I grew up learning that you never quit anything (unless you have a really, really, really good excuse). But quitting two jobs in my post-college life has turned out to be the best thing I’ve done with my professional life since graduating.
7 Signs You Should Throw in the Towel:
- The thought has crossed your mind more than a few times
- You’ve googled reasons why you should leave more than once and you’ve been eyeing the job boards for weeks
- Your workplace is not a place of empowerment and you feel unimportant or belittled
- You dread going to work more often than you look forward to it
- Your work-life balance is out of whack
- There’s a lack of personal or team growth
- The cons side of your pros and cons list is pretty heavy
I quit my first job as a reporter after working for a newspaper for a year and a half. It was a fantastic experience that brought something new every day, helped me build an expansive local network and laid the groundwork for my later career. But working odd hours, writing stories on the weekends and never knowing when I was going to get off work wasn’t cutting it for me. And 99 percent of journalists will tell you the compensation just isn’t worth it. No, it’s not always all about money, but as former reporter Allyson Bird so eloquently put it, “’I finally came to accept that the vanity of a byline was keeping me in a job that left me physically and emotionally exhausted, yet supremely unsatisfied.’” Supreme dissatisfaction just ain’t worth a $30,000 (give or take [likely take]) salary, no matter how you slice it.
They say, “Do what you love and everything else will fall in to place.” That’s not entirely true. I loved meeting new people and getting paid to do things professionals in any other career couldn’t, like sneak backstage for a Cirque du Soleil performance, hang out with astronauts and explore the lives of everyday people.
But the job that I loved so much was killing my joy, because my joy is more than a career. My joy is my family, my husband, friends, volunteering and time for me.
So I quit. But not without hesitation and not without regret. When I’d get anxious about my upcoming end date, I’d try and make myself feel better with this jewel from C.S. Lewis: “There are far better things ahead than any we leave behind.”
You’re Not Crazy (your mother had you tested?)
Good ole C.S. wasn’t lying, but he also wasn’t telling the whole truth. It took a while for my “far better things” to come about. I moved on to a second job (which I highly suggest you have in line before quitting) and it was peachy keen for about two weeks until I realized that my boss had no trust in my ability to do my job.
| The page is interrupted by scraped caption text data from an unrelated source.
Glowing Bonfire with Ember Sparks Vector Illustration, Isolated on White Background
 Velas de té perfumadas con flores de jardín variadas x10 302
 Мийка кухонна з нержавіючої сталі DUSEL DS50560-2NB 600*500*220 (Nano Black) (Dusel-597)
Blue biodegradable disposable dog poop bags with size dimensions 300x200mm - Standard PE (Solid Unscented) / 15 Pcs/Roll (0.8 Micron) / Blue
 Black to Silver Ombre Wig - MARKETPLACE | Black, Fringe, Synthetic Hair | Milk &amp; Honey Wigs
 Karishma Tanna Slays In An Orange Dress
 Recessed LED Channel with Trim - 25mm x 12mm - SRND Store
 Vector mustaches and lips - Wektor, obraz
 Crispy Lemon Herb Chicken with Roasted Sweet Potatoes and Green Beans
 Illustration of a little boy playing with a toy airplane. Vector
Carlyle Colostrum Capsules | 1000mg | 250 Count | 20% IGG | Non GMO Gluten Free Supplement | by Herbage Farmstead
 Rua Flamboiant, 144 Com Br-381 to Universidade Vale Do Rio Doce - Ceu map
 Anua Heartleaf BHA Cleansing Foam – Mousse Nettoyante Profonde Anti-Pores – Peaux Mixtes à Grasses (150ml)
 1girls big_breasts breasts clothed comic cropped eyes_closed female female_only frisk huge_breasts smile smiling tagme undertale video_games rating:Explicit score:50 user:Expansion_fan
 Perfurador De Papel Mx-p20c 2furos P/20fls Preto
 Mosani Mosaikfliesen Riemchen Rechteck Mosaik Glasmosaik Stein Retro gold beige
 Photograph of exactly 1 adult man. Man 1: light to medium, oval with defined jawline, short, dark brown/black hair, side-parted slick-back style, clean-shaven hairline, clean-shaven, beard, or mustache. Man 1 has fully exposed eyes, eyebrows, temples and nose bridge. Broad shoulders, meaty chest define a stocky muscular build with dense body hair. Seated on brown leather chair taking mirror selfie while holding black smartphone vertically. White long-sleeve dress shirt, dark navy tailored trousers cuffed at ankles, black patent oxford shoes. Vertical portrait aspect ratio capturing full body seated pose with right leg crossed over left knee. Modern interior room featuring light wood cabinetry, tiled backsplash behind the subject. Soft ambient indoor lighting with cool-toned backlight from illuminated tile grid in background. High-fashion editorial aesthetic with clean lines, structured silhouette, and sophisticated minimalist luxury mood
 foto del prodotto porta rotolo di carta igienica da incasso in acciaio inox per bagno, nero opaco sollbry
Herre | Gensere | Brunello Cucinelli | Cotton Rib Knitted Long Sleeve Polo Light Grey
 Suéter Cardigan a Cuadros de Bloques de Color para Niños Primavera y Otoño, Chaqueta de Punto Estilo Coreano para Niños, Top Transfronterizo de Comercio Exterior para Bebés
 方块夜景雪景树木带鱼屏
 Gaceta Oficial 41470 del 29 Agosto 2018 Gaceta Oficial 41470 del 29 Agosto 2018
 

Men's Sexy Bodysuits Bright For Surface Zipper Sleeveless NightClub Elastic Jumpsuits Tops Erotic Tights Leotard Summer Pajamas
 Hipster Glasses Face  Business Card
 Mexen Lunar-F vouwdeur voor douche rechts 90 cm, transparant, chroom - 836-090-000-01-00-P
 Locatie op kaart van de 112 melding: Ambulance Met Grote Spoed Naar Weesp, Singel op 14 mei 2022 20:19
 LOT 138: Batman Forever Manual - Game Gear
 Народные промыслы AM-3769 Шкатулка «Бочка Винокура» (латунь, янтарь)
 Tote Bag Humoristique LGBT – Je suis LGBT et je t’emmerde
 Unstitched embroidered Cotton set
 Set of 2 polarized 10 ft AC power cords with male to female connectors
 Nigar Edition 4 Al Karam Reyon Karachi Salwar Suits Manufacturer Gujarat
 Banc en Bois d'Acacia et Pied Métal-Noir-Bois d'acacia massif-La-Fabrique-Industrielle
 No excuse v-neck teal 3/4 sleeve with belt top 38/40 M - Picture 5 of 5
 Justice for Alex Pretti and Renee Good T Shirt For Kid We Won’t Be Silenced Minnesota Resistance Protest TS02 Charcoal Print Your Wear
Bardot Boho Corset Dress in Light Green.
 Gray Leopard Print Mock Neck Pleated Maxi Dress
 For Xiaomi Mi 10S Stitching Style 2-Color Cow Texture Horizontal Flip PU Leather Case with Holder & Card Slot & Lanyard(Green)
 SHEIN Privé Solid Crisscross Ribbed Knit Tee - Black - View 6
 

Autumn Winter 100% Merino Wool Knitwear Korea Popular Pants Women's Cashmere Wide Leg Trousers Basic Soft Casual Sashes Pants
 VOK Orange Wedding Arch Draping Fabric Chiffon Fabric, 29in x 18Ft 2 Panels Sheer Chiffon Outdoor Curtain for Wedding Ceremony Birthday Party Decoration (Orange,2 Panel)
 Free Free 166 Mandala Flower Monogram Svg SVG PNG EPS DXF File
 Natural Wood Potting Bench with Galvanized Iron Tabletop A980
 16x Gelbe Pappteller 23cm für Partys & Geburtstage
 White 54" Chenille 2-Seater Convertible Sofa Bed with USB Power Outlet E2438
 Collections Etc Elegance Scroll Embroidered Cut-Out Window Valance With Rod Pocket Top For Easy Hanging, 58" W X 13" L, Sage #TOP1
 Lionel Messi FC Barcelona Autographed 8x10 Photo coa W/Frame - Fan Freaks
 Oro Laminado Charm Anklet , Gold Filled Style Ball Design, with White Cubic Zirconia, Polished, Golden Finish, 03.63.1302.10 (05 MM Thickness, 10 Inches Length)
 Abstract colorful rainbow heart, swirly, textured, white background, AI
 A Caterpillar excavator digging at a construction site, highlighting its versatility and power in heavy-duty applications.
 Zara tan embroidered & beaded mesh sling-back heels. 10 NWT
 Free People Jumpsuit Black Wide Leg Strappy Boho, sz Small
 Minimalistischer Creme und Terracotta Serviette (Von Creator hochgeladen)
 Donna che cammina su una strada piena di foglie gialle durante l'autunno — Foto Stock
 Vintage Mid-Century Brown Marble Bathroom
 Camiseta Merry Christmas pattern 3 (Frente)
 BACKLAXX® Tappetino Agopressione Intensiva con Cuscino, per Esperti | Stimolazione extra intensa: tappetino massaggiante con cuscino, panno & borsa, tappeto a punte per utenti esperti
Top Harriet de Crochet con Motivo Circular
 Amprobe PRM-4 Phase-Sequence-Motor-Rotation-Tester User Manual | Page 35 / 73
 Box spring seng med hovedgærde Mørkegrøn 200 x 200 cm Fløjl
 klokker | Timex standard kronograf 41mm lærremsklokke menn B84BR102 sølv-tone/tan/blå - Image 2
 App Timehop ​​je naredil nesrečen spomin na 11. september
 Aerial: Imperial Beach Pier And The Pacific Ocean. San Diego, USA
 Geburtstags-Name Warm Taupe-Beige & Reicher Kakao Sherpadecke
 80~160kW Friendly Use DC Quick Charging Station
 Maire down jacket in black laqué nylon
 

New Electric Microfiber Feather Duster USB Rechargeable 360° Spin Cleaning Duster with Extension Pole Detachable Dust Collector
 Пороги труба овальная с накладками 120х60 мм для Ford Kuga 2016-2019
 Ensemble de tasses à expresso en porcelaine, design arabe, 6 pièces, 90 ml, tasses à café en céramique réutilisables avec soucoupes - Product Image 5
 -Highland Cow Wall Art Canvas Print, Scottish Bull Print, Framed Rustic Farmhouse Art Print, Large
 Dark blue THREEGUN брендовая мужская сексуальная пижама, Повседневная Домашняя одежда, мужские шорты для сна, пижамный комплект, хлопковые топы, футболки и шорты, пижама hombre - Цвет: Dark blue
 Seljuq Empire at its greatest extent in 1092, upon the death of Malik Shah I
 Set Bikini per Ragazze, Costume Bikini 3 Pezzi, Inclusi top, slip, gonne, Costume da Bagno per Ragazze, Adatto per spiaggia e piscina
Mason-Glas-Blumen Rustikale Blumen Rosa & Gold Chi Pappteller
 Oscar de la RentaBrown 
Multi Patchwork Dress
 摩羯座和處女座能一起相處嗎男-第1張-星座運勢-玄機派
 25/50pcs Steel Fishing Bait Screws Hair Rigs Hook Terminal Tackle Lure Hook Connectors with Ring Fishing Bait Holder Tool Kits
I had a serious conversation with my boss, which made me feel better for the time being, but changed nothing. I sought advice from a handful of trusted professionals, including my former editor, to whom I was super afraid to admit that I sort of wanted my job back. I began searching for jobs several times a day, but I felt like a lunatic having been at the new gig for such a short time. I questioned myself and my decision to quit the first job. I questioned my perception of a healthy work environment. I questioned my education, my future, my past, my talents, my abilities.
And finally, a job posting. A beautiful, beautiful posting for a similar, writing-based position at another organization. A revamped resume, cover letter, and an interview. The waiting, oh the dreaded waiting. Then the phone call, during which I happened to be in the bathroom—oh the horror! I didn’t answer until business was finished, don’t worry. I had a hard time washing my hands I was shaking so badly! (TMI? Whatevs.)
And then the offer that changed my world. Finally, a way to experience all of my joys.
I was nervous to leave the known, albeit miserable, for something unknown. After all, I’d already left one job I really liked, but just wasn’t working for my lifestyle. What if I went to this job and hated it, too? What if I had completely made working life out to be something it wasn’t? Well, a couple months in and I’m doing alright. Pretty great, in fact.
Moral of the story: If you aren’t happy, pinpoint your source(s) of unhappiness and work to make changes that can improve your circumstance. If you’ve done that, given it some time and you’re still miserable, GET OUT. If it’s stealing your joy, it isn’t worth it.
I realize this can become a waiting game. After all, it’s a job with the money that you need to buy toilet paper and keep the lights on. If you feel you need to quit immediately, consider your finances. If you can white-knuckle-grip it until you find something else, that’s likely your better option.
It may take some time, tears and trial and error, but it will come. Don’t you worry, sweet pea.